Era un hombre de mediana edad, orondo y prácticamente calvo. Tenía una expresión amable, incluso les sonrió cuando estuvo a su lado.

Oliver se despidió, con un leve levantamiento de cejas, de Marín y montó con el otro.

Mauro, que así se llamaba, apenas le habló durante el trayecto, y eso fue algo que agradeció. Estaba cansado del viaje, lo que de verdad le apetecía era dormir.

Cuando llegaron a El árbol ya era de noche, así que Oliver apenas pudo ver nada de aquel lugar.

Caminaron por un sendero empedrado, por la parte de atrás de la casa, y entraron en una enorme edificación de piedra. Dentro se notaba frescor, y era de agradecer pues había hecho un día de lo más caluroso.

En aquel lugar no se escuchaba ni el más mínimo ruido.

Mauro le mostró, de forma escueta, la vieja cocina, la sala donde se reunían a comer y el baño.

Lo acompañó, escaleras arriba, por un pasillo kilométrico, lleno de puertas a su derecha, y le mostró su habitación.

Oliver la miró sin mucho interés, pues no había nada que valiese la pena admirar. En aquel lugar solo había una cama, una mesilla de noche con una pata rota, un armario viejo y una pequeña ventana por la que apenas se podía ver nada.

—Mañana vendré a las seis a por ti. —Mauro bostezó por el sueño—. Hoy es tarde para hablar del caso, pero cuando venga te pondré al día sobre lo que tienes que hacer aquí. No salgas de la habitación hasta entonces, ¿de acuerdo?

—Sí —contestó sin ganas.

Al quedarse a solas, se sentó sobre el lecho. Era incómodo, duro y lleno de bultos. Genial.

No sacó la ropa de su mochila. Estaba tan cansado que decidió dejarlo para el siguiente día.

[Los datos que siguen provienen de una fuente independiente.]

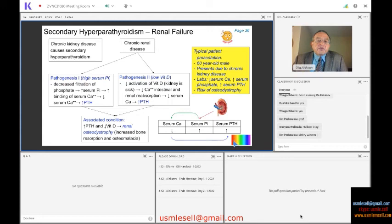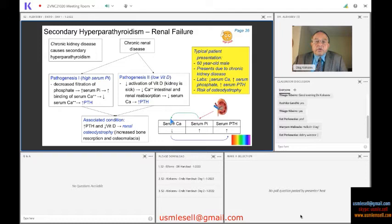Think of it like a rainbow: red, green, and blue — this represents the order of events. The first event is red: the kidney is sick. After that, green: serum phosphate is high, and high serum phosphate will decrease serum calcium by binding it. The third event is blue: low calcium will increase PTH.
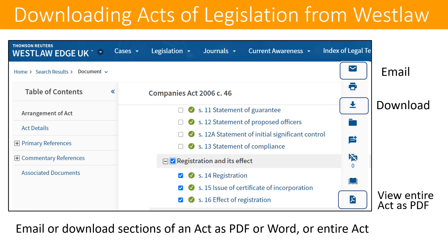If you need to download any acts of legislation from Westlaw, you can choose to download specific sections if those are needed, again via email or download options. For the legislation option, you can also view the entire act as a PDF, which can then be downloaded onto your desktop or laptop.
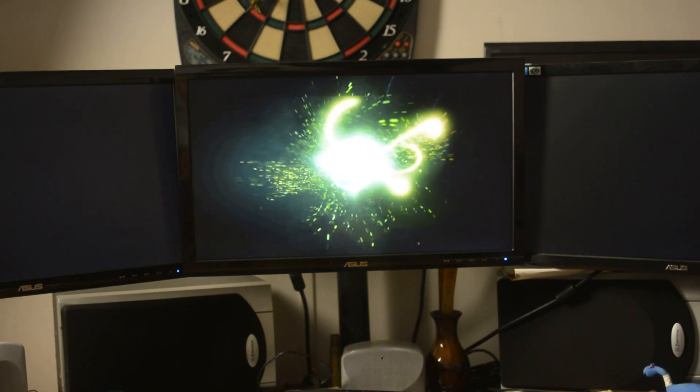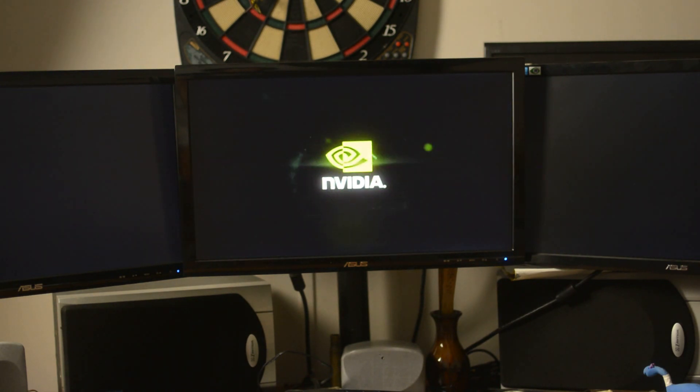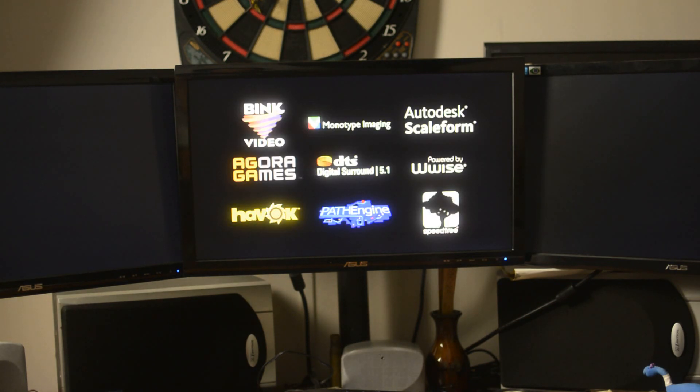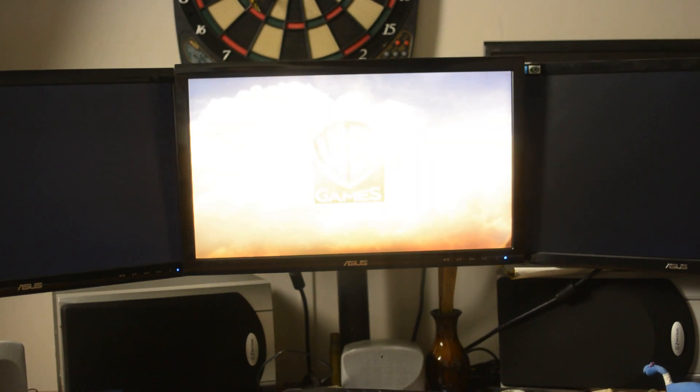But yeah, this one actually worked for me, so hopefully it works for you. Just to show you, the game actually runs on my computer now. I hit play on the Steam store, it'll load. Let me move the camera — see if I can get all three monitors on there. And there it goes, it's loading right now. Just reinstall your Alienware FX and that should fix the problem if you have an Alienware.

A pesar de todo, del viaje desde la península, del comportamiento de Marín y de aquella cama tan incómoda, tenía ganas de ver lo que le deparaba aquella misión. Sabía que era peligrosa, sabía que si lo descubrían sería hombre muerto, pero había algo que lo hacía seguir hacia delante. Quizás, en su círculo de amigos y familiares, lo llamasen loco, pero no tenía nada que perder, pues ya lo perdió todo. El árbol era una forma de escapar de su vida, una manera de no tener que recordar todos los días al hombre que una vez fue. Una forma de olvidar que una vez fue feliz.